I’m currently trying to work with the latest database dump from the English Wikipedia. It’s massive (Slightly under 10 GB uncompressed), and a pain to work with – especially since some of the behavior of PHP file functions with large files is not quite right. So, what I’ve been trying to do is break the XML dump down into sections (I’m losing a small handful of articles this way, less then 10) and then process those chunks into text files, which are then stored in a 3 level directory tree by letters: The “Disgaea” article would be stored as /home/myusername/wiki/d/i/s/disgaea.txt)

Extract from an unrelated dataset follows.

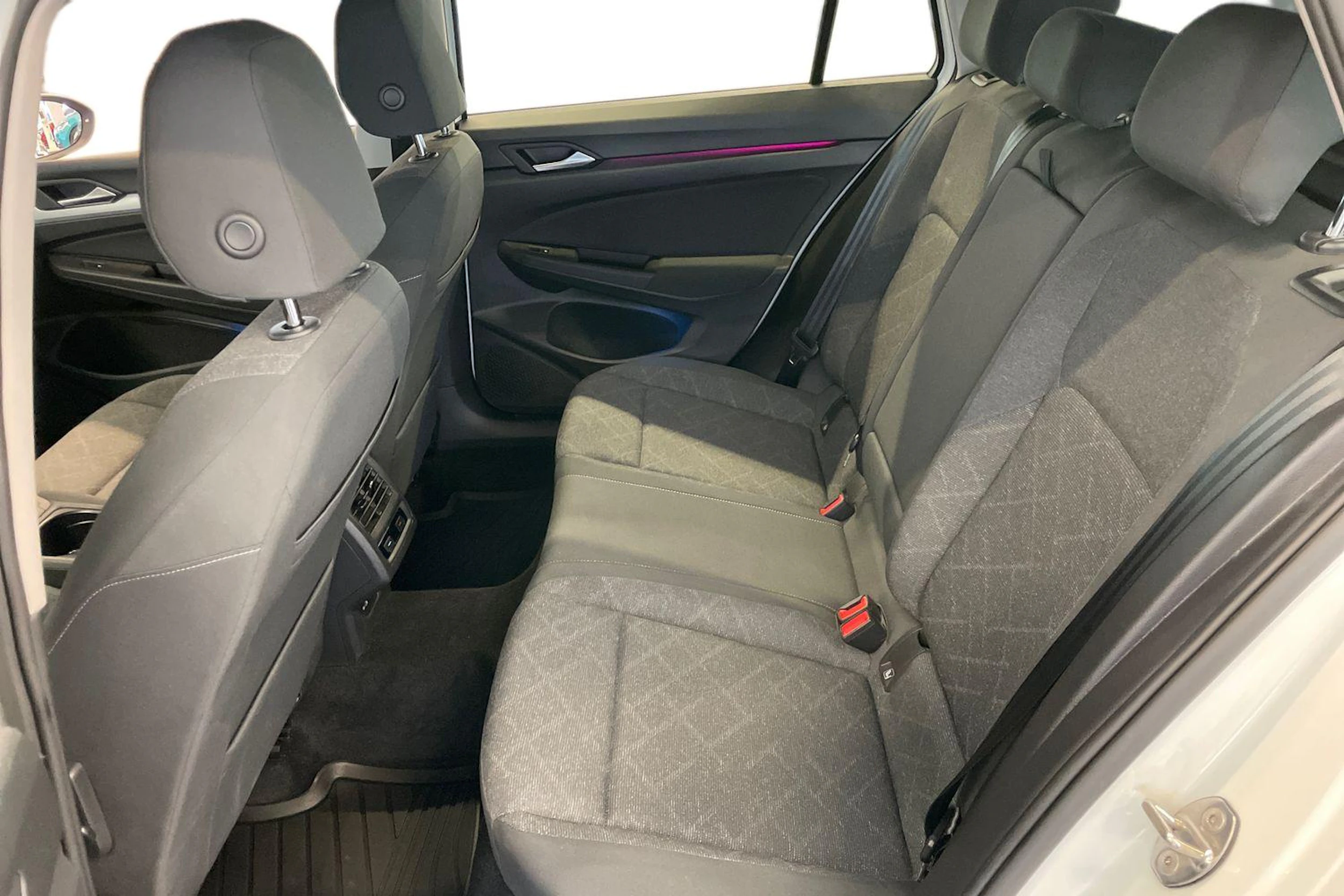 valkoinen Volkswagen Golf 2021 kuva 8.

In order to create these directories, I used the following function:
function make_directory_tree ($level = 0, $parent = '', $maxlevel = 3) {
global $CONFIG;
echo ("Creating directory $parent$letter\n");
foreach ($CONFIG['directories'] as $letter) {
$status = mkdir($parent.$letter);
if ($status === FALSE) {
die('Could not create directory: ' . $parent . $letter . "\n");
}
if ($level < $maxlevel) {
make_directory_tree($level + 1,$parent . $letter.'/');
}
}
}
Truthfully, there are better ways to do this than a recursive function, but I didn't think there'd be a big difference in performance, so I was surprised by how long PHP was taking to create these directories.
And, when it was all said and done, I had the nasty surprise of finding that there were four levels of directories, rather than three - I had forgotten that the foreach loop meant that the final directory layer wasn't created recursively. Oops. I wanted 19683 directories, and accidentally created 531441. Oh well, set $maxlevel = 2, and try again, I suppose.